_Task brief_
Your copy of the entries below should hold exactly the lines from the one containing "Clásico Mundial de" to the one containing "Desert Rain Frog price", inclusive, and no pictures.

_Source information_
§ §

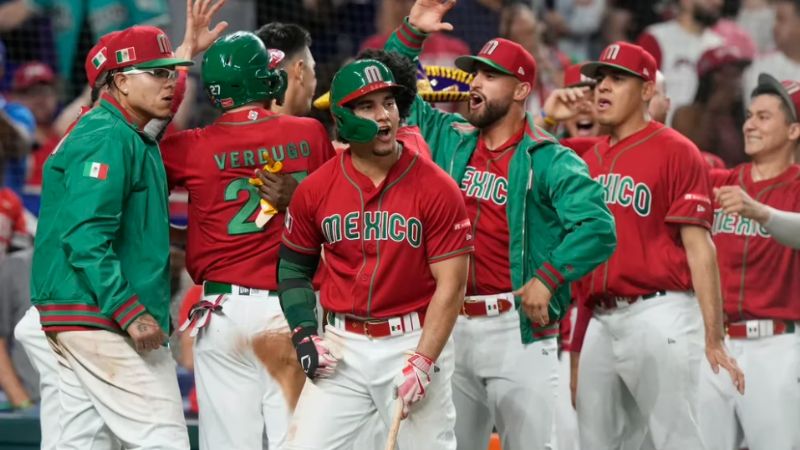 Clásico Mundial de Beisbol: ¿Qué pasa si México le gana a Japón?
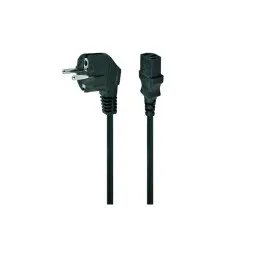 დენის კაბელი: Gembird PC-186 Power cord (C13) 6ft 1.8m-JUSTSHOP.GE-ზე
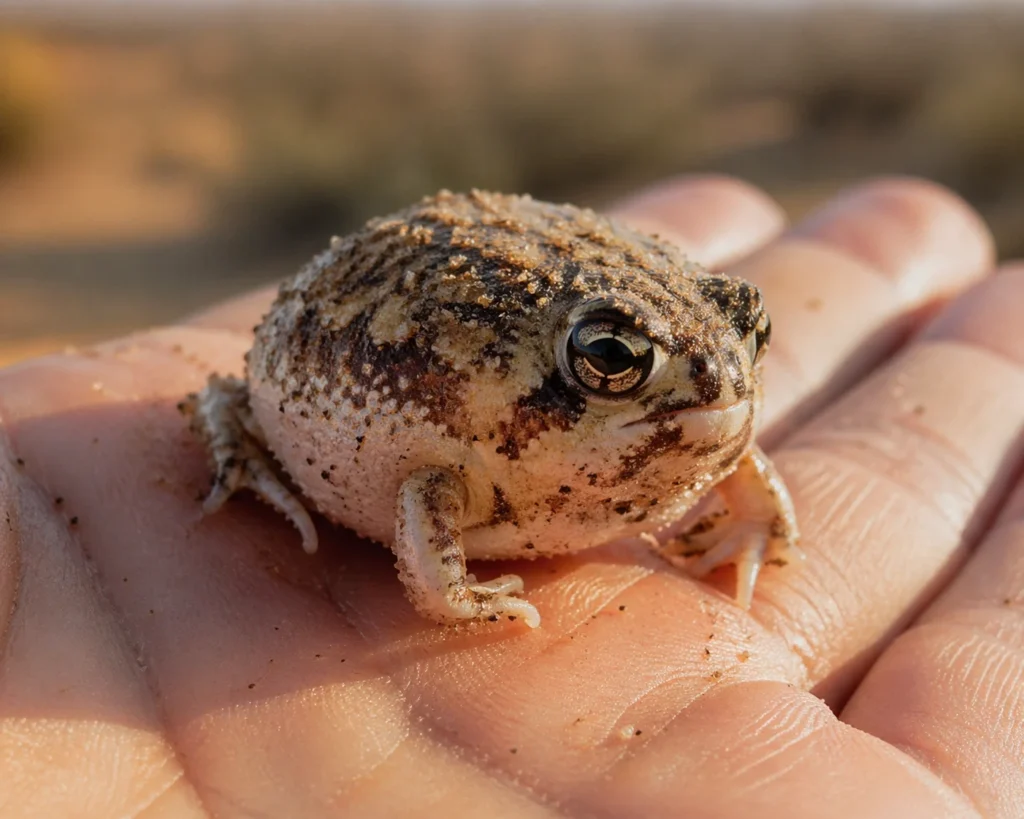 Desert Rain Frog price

§ §

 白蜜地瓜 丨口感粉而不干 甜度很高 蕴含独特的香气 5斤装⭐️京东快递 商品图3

§ §

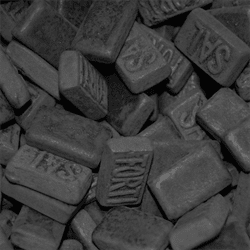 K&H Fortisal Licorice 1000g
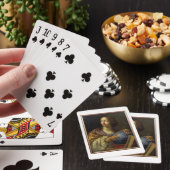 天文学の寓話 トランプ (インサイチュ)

§ §

_Reply to the exercise_
 Clásico Mundial de Beisbol: ¿Qué pasa si México le gana a Japón?
 დენის კაბელი: Gembird PC-186 Power cord (C13) 6ft 1.8m-JUSTSHOP.GE-ზე
 Desert Rain Frog price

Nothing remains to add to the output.